When the decoding unit 30 decodes the floating-point operation instruction, it outputs the physical register number WP-FPRN indicating the entry of the FPR 64 used by the floating-point arithmetic unit 62 to the FPR renaming table 40 and the reservation station 50. When the decoding unit 30 decodes the floating-point operation instruction, it outputs the bit length W-LEN of the floating-point operation instruction to the FPR renaming table 40 and the reservation station 50.


When the decoding unit 30 decodes the memory access instruction, it outputs the logical register number R-GPRN of the source operand included in the memory access instruction to the GPR renaming table 42. When the decoding unit 30 decodes the memory access instruction, it outputs the logical register number W-GPRN of the destination operand included in the memory access instruction to the GPR renaming table 42.
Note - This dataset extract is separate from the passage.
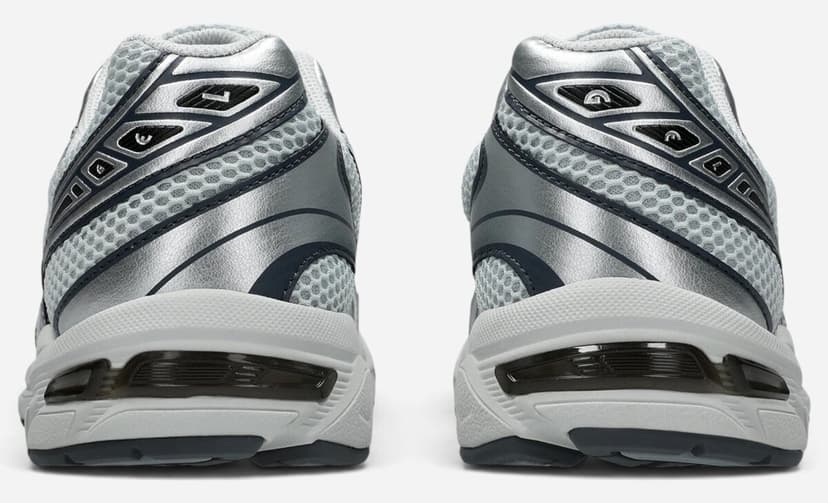 کفش ورزشی دویدن یونیسکس Asics خاکستری مدل Gel-1130 1203A609 کفش ورزشی دویدن یونیسکس Asics خاکستری مدل Gel-1130 1203A609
When the decoding unit 30 decodes the load instruction, it outputs the logical register number W-GPRN of the destination operand (storage destination of load data) included in the load instruction to the GPR renaming table 42. When the decoding unit 30 decodes the load instruction, it outputs the physical register number WP-GPRN indicating the entry of the GPR 68 for storing the load data to the GPR renaming table 42 and the reservation station 52. When the decoding unit 30 decodes the store instruction, it outputs the logical register number R-GPRN of the source operand (read source of store data) included in the store instruction to the GPR renaming table 42.
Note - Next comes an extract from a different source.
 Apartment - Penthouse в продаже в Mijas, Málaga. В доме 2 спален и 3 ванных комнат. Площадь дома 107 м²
The FPR renaming table 40 has a number of entries corresponding to the number of logical registers (operands) that may be specified by the operation instruction described in a program to be executed by the arithmetic processing device 100. The FPR renaming table 40 associates the number of the logical register specified by the operation instruction with the number of the entry (physical register) of the FPR 64 used by the floating-point arithmetic unit 62. For example, the FPR renaming table 40 outputs, to the reservation station 50, the physical register number RP-FPRN and the bit length R-LEN retained in the entry indicated by the logical register number R-FPRN received from the decoding unit 30. An example of the FPR renaming table 40 will be described with reference to FIG. 4.
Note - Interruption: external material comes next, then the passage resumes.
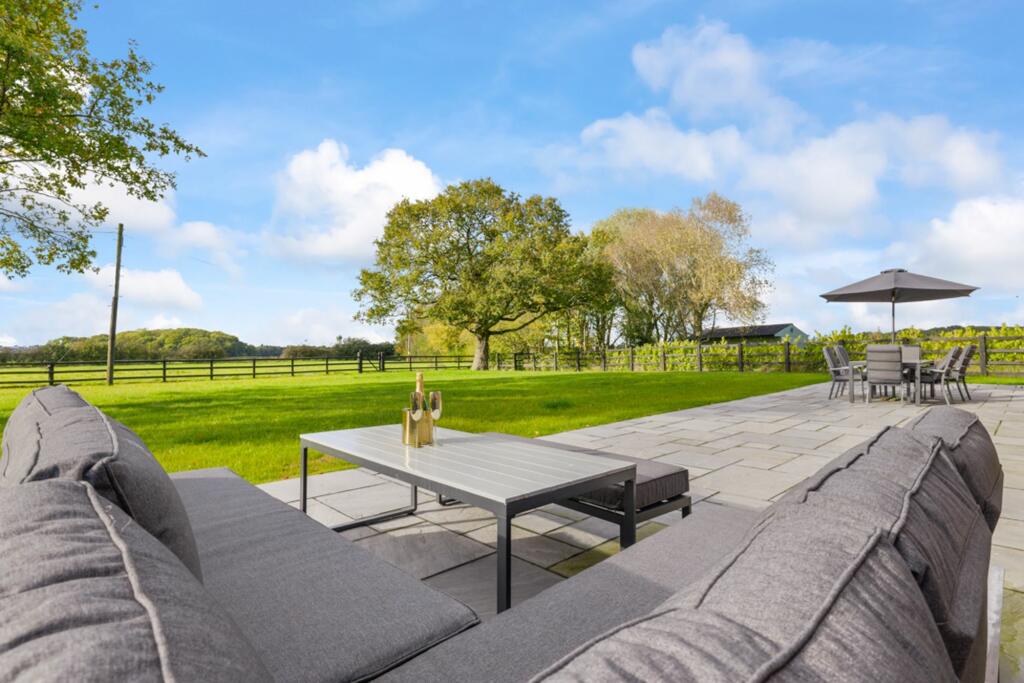 Additional property image - Hickhurst Lane, Rushton, CW6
The GPR renaming table 42 has a number of entries corresponding to the number of logical registers (operands) that may be specified by the memory access instruction described in the program to be executed by the arithmetic processing device 100. The GPR renaming table 42 associates the number of the logical register specified by the memory access instruction with the number of the entry (physical register) of the GPR 68 used by the address generation arithmetic unit 67. The GPR renaming table 42 outputs, to the reservation station 52, the physical register number RP-GPRN and the bit length R-LEN retained in the entry indicated by the logical register number R-GPRN received from the decoding unit 30.


The reservation station 50 has a queue containing multiple entries retaining the operation instructions (including the instruction code INSC, the register numbers, etc.) and the bit lengths W-LEN and R-LEN. The reservation station 50 outputs the operation instructions including the instruction code INSC and the like retained in the entries to the floating-point arithmetic unit 62 or to a fixed-point arithmetic unit (not illustrated) out of order in the order of being executable. Furthermore, the reservation station 50 outputs, to the FPR 64, the physical register numbers WP-FPRN and RP-FPRN and the bit lengths W-LEN and R-LEN, and accesses the FPR 64. Note that, although illustration is omitted, the reservation station 50 may be connected to the fixed-point arithmetic unit and the GPR 68. Hereinafter, the reservation station 50 is also referred to as an RSE 50.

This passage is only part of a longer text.